Brief descriptive captions
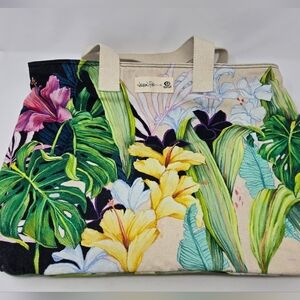 RIP CURL X LAUREN ROTH LIMITED EDITION BEACH BAG TOTE FLORAL ALOHA HAWAII WOMEN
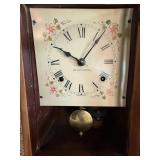 Seth Thomas Wooden Mantel Clock Key Wind Pendulum Floral Dial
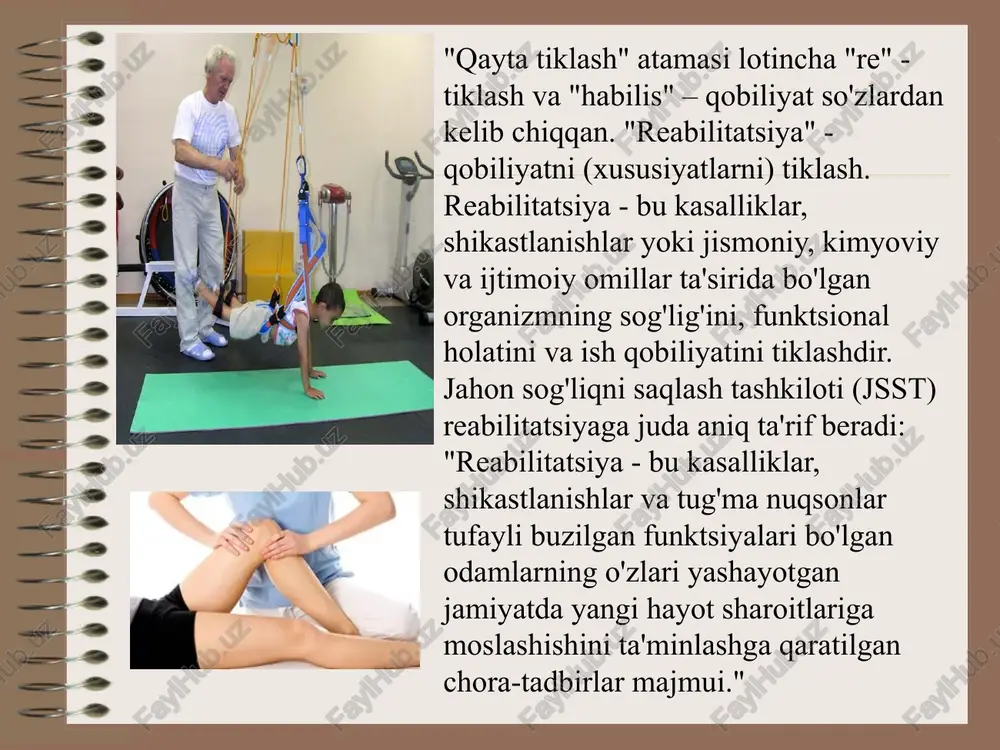 nospesifik davolash usulidir. davolash maqsadida beriladi-gan mashqlar spesifik ta'sir qilish bilan bir vaqtda, organizmning umumiy reaktivligi, modda almashinuv jarayonlari, organlarning qon bilan ta'minlanishlarini kuchaytiradi; -djt funksional davolash usulidir. patologik jarayonning rivojlanishi hisobiga organ va tizimlarning funksional holatlarida buzilishlar kuzatiladi. djt vositalari bilan buzilgan funksional holatlar yaxshilanadi va tiklanadi. zamonaviy reabilitasiya moslamalari fizioterapiya djt massaj mexanoterapiya noan’anaviy davolash usullari fizik aspektlar djt ning asosiy uslublari quydagilarga asoslanadi. a) didaktik prinsip (mashqlarning tizimlashtirilganligi, mashqlarning bajarishini muntazamligi va ketma- ketligi individual yondashuvi b) jismoniy mashqlar bajarish davomiyligini to‘g‘ri tanlash va aniqlash v) har-bir mashqni takrorlanish sonini aniqlash g) bajarilayotgan mashqning tempi. d) kuchlanishning bemor imkoniyatiga adekvatligi-mosligi e) harakat ritmi va murakkablik darajasi. djt muolajasini o‘tkazish uslublari. djt muolajasi o‘tkazishda 2ta usul individual va guruhli usullar qo‘llaniladi. individual usul og‘ir holati tufayli harakati chegaralangan bemorlarda qo‘llaniladi. individual usulning bir varianti bo‘lgan mustakil usul uyga javob berilgan bemorlarga tavsiya etiladi. guruhli usul esa tibbiyot muassasalarida …
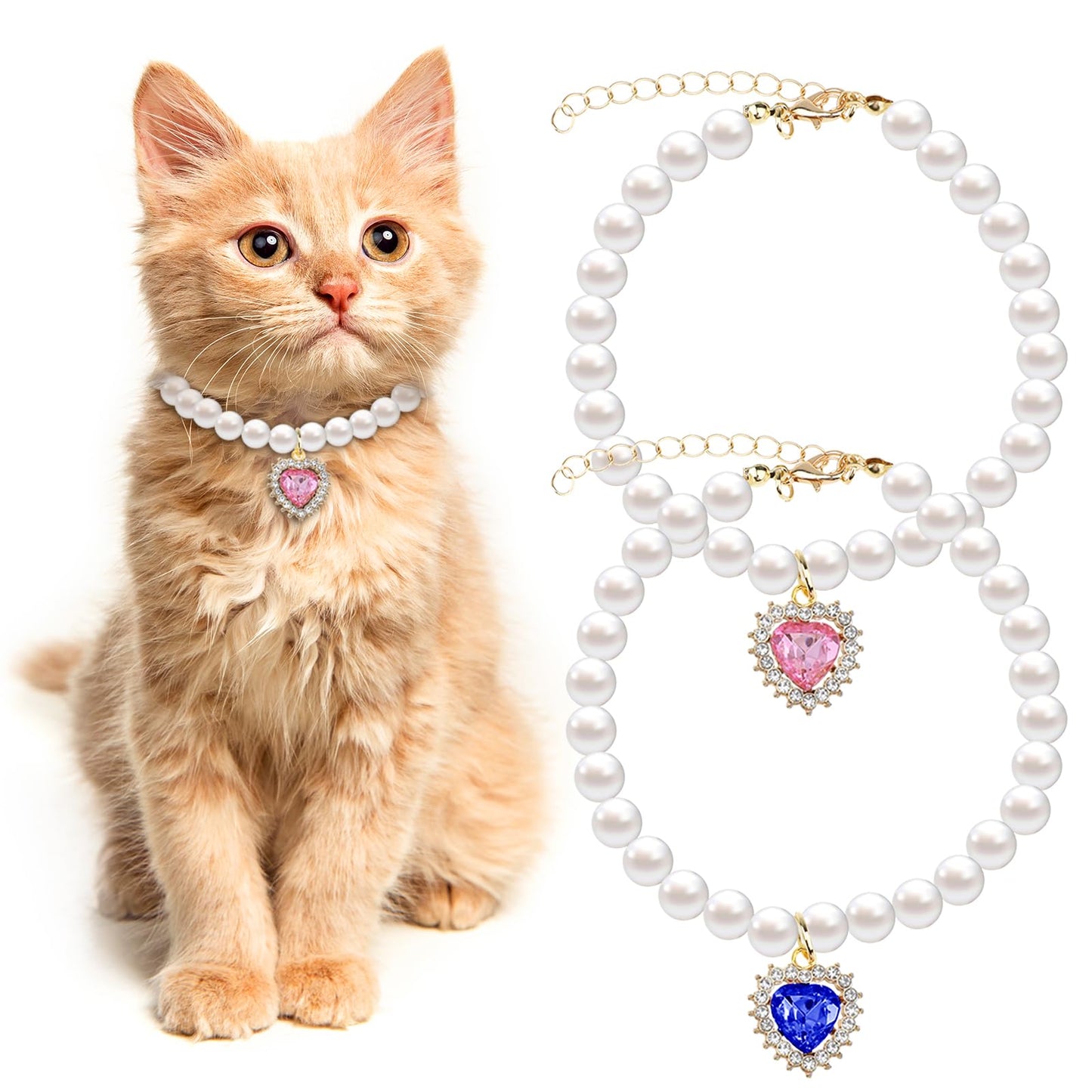Tyqour 2pcs Cute Girl Cat Collar, Pearl Cat Dog Collar with Small Heart Shape Rhinestone for Small Dogs and Cats Adjustable Fancy Dog Pearl Necklace Collars, Pink Heart + White Heart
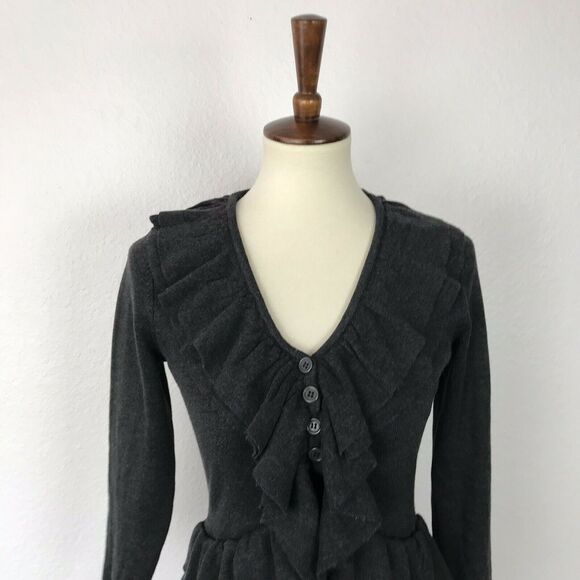 Calvin Klein Stretch Ruffled Button Front Sheath Dress - Picture 3 of 8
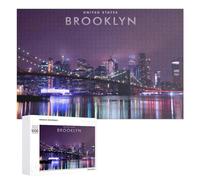 1000 Piece Jigsaw Puzzle, Brooklyn Nights City Lights Reflecting on Wa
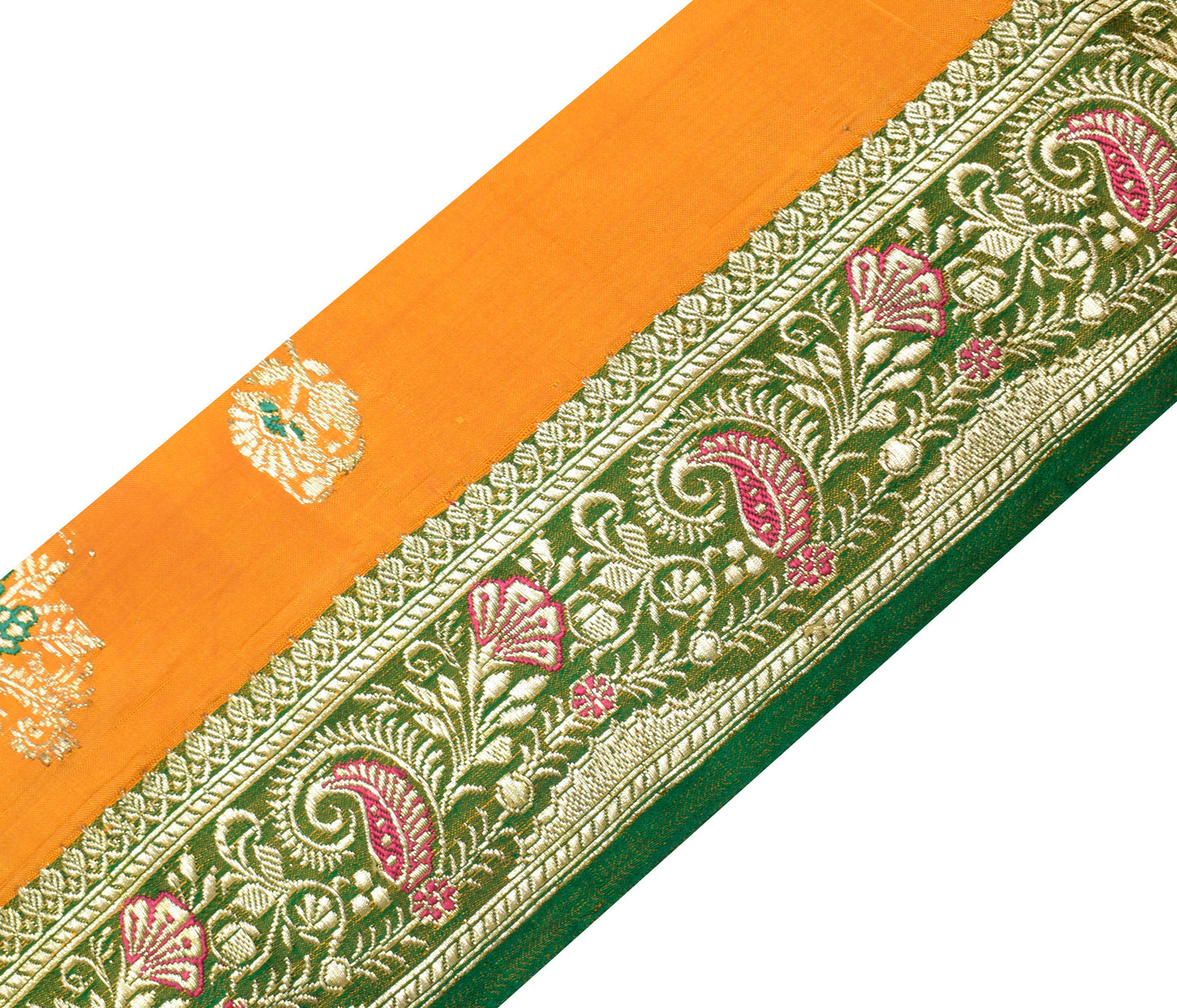 Sushila Vintage Green Banarasi Saree Border Craft Sewing Trim Woven Lace Ribbon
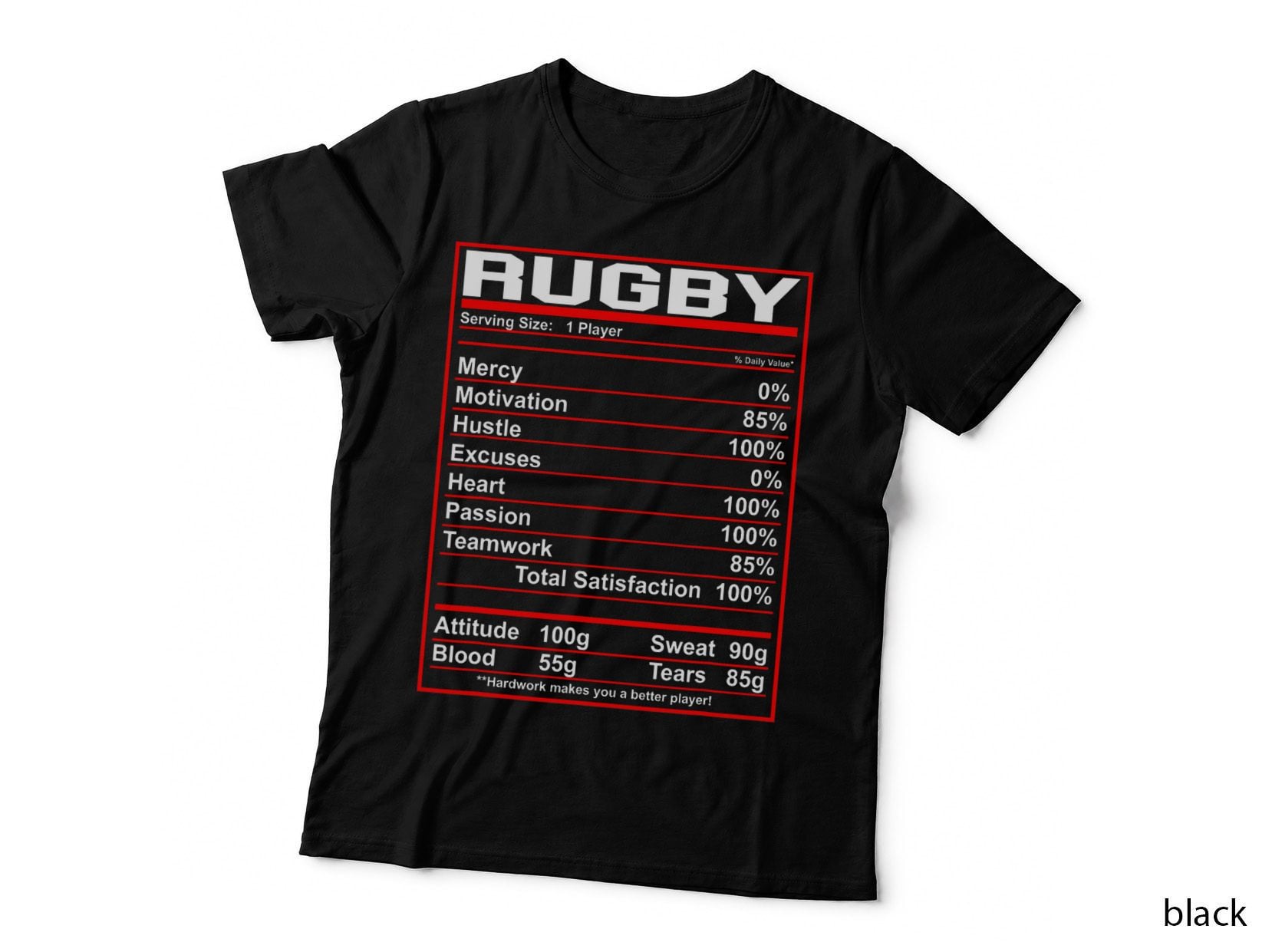 Funny Rugby Nutrition Facts T-Shirt, Rugby Player Humor, Sports Fan Apparel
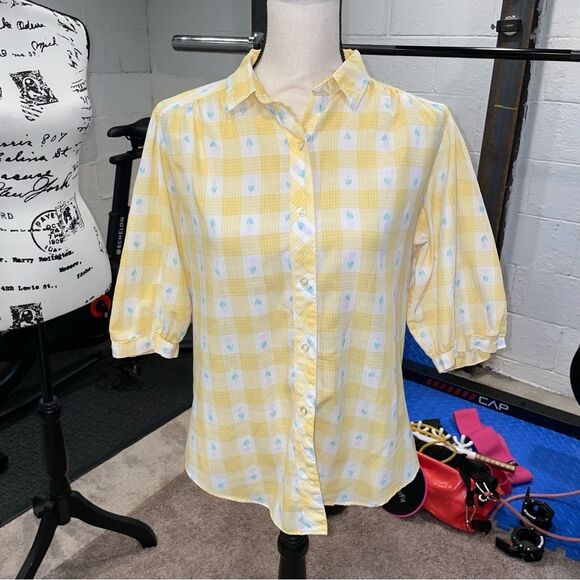 Cute vtg. Limoncello 🍋 80’s yellow windowpane plaid tulip blouse cheryl tiegs 🌼 - Picture 7 of 11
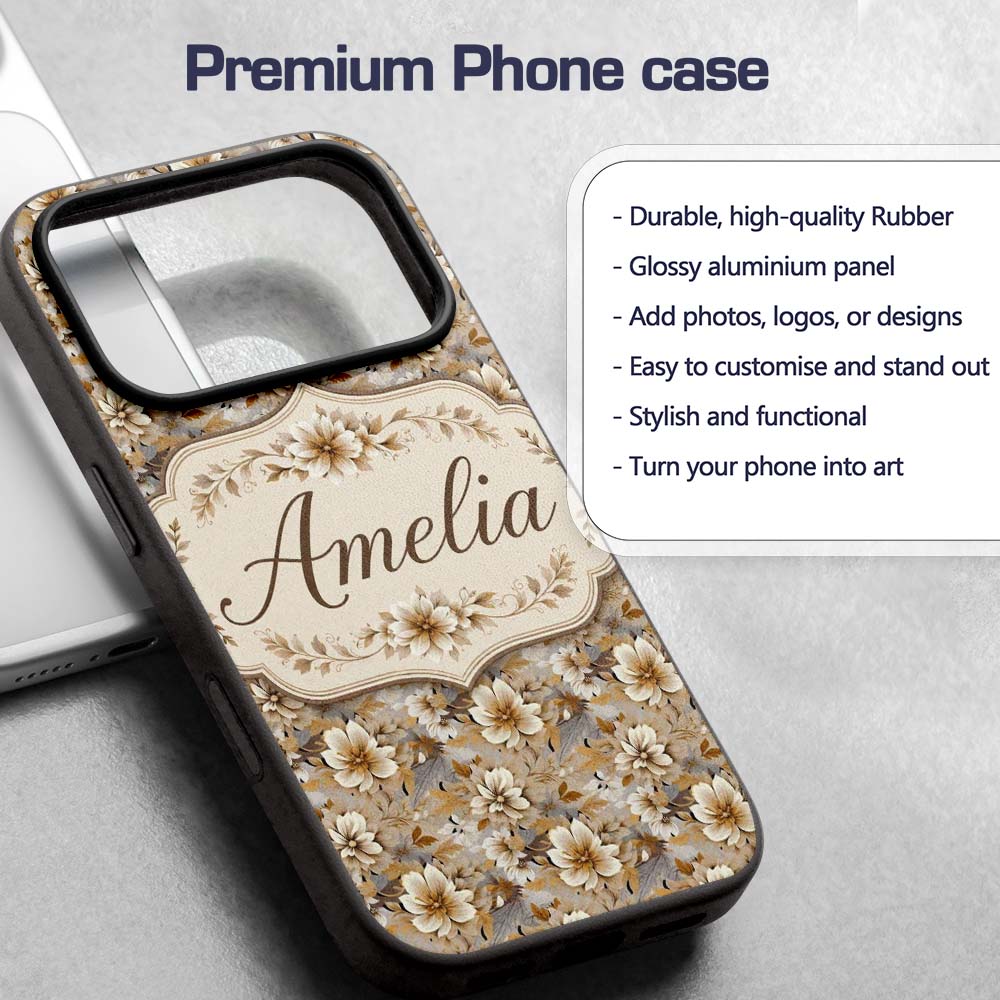 Warm Beige Botanical Flower Garden Printed Design Custom Name Protective Phone Case Mobile Cover Durable Everyday Smartphone Shock Resistant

(Task goal)
Word for word, copy every line of the data, excluding any pictures.

(Solution)
 RIP CURL X LAUREN ROTH LIMITED EDITION BEACH BAG TOTE FLORAL ALOHA HAWAII WOMEN
 Seth Thomas Wooden Mantel Clock Key Wind Pendulum Floral Dial
 nospesifik davolash usulidir. davolash maqsadida beriladi-gan mashqlar spesifik ta'sir qilish bilan bir vaqtda, organizmning umumiy reaktivligi, modda almashinuv jarayonlari, organlarning qon bilan ta'minlanishlarini kuchaytiradi; -djt funksional davolash usulidir. patologik jarayonning rivojlanishi hisobiga organ va tizimlarning funksional holatlarida buzilishlar kuzatiladi. djt vositalari bilan buzilgan funksional holatlar yaxshilanadi va tiklanadi. zamonaviy reabilitasiya moslamalari fizioterapiya djt massaj mexanoterapiya noan’anaviy davolash usullari fizik aspektlar djt ning asosiy uslublari quydagilarga asoslanadi. a) didaktik prinsip (mashqlarning tizimlashtirilganligi, mashqlarning bajarishini muntazamligi va ketma- ketligi individual yondashuvi b) jismoniy mashqlar bajarish davomiyligini to‘g‘ri tanlash va aniqlash v) har-bir mashqni takrorlanish sonini aniqlash g) bajarilayotgan mashqning tempi. d) kuchlanishning bemor imkoniyatiga adekvatligi-mosligi e) harakat ritmi va murakkablik darajasi. djt muolajasini o‘tkazish uslublari. djt muolajasi o‘tkazishda 2ta usul individual va guruhli usullar qo‘llaniladi. individual usul og‘ir holati tufayli harakati chegaralangan bemorlarda qo‘llaniladi. individual usulning bir varianti bo‘lgan mustakil usul uyga javob berilgan bemorlarga tavsiya etiladi. guruhli usul esa tibbiyot muassasalarida …
Tyqour 2pcs Cute Girl Cat Collar, Pearl Cat Dog Collar with Small Heart Shape Rhinestone for Small Dogs and Cats Adjustable Fancy Dog Pearl Necklace Collars, Pink Heart + White Heart
 Calvin Klein Stretch Ruffled Button Front Sheath Dress - Picture 3 of 8
 1000 Piece Jigsaw Puzzle, Brooklyn Nights City Lights Reflecting on Wa
 Sushila Vintage Green Banarasi Saree Border Craft Sewing Trim Woven Lace Ribbon
 Funny Rugby Nutrition Facts T-Shirt, Rugby Player Humor, Sports Fan Apparel
 Cute vtg. Limoncello 🍋 80’s yellow windowpane plaid tulip blouse cheryl tiegs 🌼 - Picture 7 of 11
 Warm Beige Botanical Flower Garden Printed Design Custom Name Protective Phone Case Mobile Cover Durable Everyday Smartphone Shock Resistant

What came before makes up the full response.